By unknown | Nov 21, 2006 | COMMENTS [ 0 ]

Lavery Modise

Lavery Modise

An employer often finds himself in a predicament when one of his employees does not fit in with the working environment.

This is particularly so when the reason for the employee's incompatibility is because the employee does not get along with other employees in the working environment.

Incompatibility is considered in law to be a form of incapacity and relates essentially to the relationship of an employee with co-employees, and specifically to an employee's inability or failure to maintain cordial and balanced relationships with his co-employees.

An employer has a prerogative to set reasonable standards focusing on harmonious interpersonal relationships in the working environment.

There is no doubt that incompatibility as described above can give rise to serious problems for an employer, including disturbance and even irreconcilable conflict in the workplace, which could result in reduced productivity of employees.

The incompatibility of an employee with his working environment can be grounds for dismissal.

But employers should treat dismissal on the ground of incompatibility with caution. There are no guidelines contained in the Labour Relations Act 66 of 1995 for dismissal on the ground of incompatibility.

In addition, incompatibility is generally hard to prove.

For example, in the matter of Joslin v Olivetti Systems & Networks Africa (1993) 14 ILJ 227 (IC), the industrial court - the old employment tribunal - held that the dismissal of a managerial employee on grounds of his odd or eccentric behaviour was unfair.

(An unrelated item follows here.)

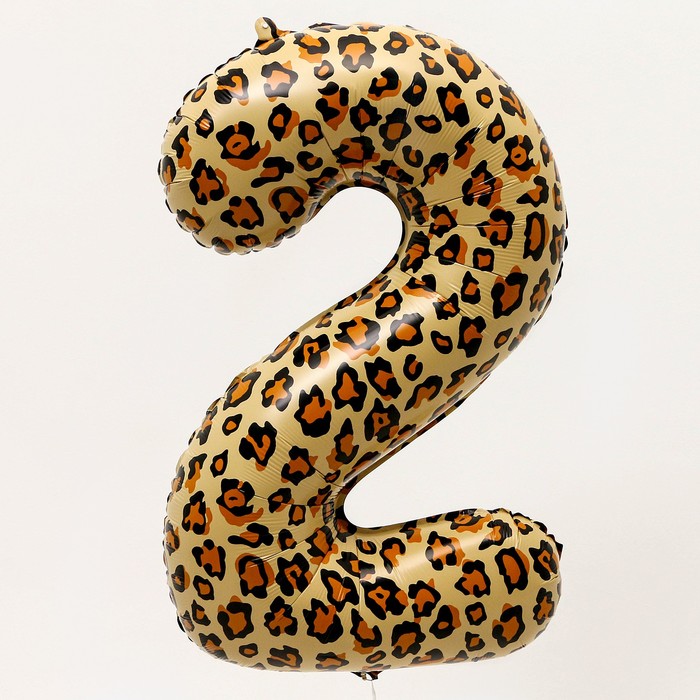Шар фольгированный 32 «Цифра 2», цвет леопард шар фольгированный 32 цифра 2 цвет золотой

The managerial employee's so-called "incompatible" behaviour included actions such as carrying a camera around his neck, cramming as many as 36 pens in to his pocket at the same time, promoting a "yes" vote in a national referendum and wearing a Springbok cricket cap to work.

The industrial court said that mild or harmless eccentricity, or unconventional behaviour, should be distinguished from extreme forms of unacceptable behaviour.

Dismissal may only be appropriate where an employee's behaviour is so bad that it causes disruption in the working environment, and then only after the employee has been properly counseled or warned.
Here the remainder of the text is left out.